BEGIN

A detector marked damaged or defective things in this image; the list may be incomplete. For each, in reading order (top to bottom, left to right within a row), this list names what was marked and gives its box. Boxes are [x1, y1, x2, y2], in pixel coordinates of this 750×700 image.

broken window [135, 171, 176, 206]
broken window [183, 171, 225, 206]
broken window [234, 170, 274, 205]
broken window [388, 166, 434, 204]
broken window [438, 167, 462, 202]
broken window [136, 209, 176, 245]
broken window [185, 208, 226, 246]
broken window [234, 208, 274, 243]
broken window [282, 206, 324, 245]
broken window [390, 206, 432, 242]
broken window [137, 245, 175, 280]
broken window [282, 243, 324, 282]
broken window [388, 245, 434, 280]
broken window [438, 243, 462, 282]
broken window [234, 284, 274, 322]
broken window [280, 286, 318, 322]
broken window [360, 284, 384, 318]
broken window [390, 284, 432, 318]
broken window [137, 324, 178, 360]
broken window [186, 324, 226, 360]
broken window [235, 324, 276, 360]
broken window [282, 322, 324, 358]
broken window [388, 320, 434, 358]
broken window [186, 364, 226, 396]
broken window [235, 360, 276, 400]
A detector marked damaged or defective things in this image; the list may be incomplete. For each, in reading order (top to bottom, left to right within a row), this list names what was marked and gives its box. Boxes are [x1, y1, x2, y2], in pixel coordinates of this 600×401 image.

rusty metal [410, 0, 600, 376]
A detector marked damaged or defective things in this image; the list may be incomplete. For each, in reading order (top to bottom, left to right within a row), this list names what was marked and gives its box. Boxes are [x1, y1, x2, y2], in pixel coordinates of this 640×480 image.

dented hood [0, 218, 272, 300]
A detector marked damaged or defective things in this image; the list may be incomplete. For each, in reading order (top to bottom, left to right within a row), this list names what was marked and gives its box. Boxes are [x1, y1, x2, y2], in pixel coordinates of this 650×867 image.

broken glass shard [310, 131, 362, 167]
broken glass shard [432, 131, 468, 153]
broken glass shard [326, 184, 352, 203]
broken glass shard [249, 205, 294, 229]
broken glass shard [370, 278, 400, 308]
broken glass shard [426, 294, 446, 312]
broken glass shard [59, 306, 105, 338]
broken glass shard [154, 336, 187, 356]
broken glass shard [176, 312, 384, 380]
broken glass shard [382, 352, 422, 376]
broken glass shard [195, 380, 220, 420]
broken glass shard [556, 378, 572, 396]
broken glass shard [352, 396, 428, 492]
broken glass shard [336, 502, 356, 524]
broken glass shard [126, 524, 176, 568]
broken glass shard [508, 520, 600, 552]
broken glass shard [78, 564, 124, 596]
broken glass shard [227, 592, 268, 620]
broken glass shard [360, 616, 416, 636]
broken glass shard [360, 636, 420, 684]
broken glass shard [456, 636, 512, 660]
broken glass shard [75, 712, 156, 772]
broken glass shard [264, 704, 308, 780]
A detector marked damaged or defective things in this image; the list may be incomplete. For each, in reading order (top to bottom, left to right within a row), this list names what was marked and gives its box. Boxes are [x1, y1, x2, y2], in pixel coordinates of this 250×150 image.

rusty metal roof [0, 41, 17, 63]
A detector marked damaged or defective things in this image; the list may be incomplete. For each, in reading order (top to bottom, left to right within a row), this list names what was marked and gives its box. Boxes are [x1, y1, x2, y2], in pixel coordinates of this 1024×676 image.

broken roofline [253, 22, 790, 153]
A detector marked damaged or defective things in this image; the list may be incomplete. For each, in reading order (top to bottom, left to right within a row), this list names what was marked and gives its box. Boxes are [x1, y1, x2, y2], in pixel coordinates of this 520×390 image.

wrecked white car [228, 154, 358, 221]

END

◆ WHAT TO DO
Write the lines out again exactly, beginning at the line that contains "this 1024×676 image." and stopping only at the final line of the listing above.

◆ WRITTEN ANSWER
A detector marked damaged or defective things in this image; the list may be incomplete. For each, in reading order (top to bottom, left to right within a row), this list names what was marked and gives its box. Boxes are [x1, y1, x2, y2], in pixel coordinates of this 1024×676 image.

broken roofline [253, 22, 790, 153]
A detector marked damaged or defective things in this image; the list may be incomplete. For each, in reading order (top to bottom, left to right within a row), this list names what was marked and gives its box. Boxes are [x1, y1, x2, y2], in pixel coordinates of this 520×390 image.

wrecked white car [228, 154, 358, 221]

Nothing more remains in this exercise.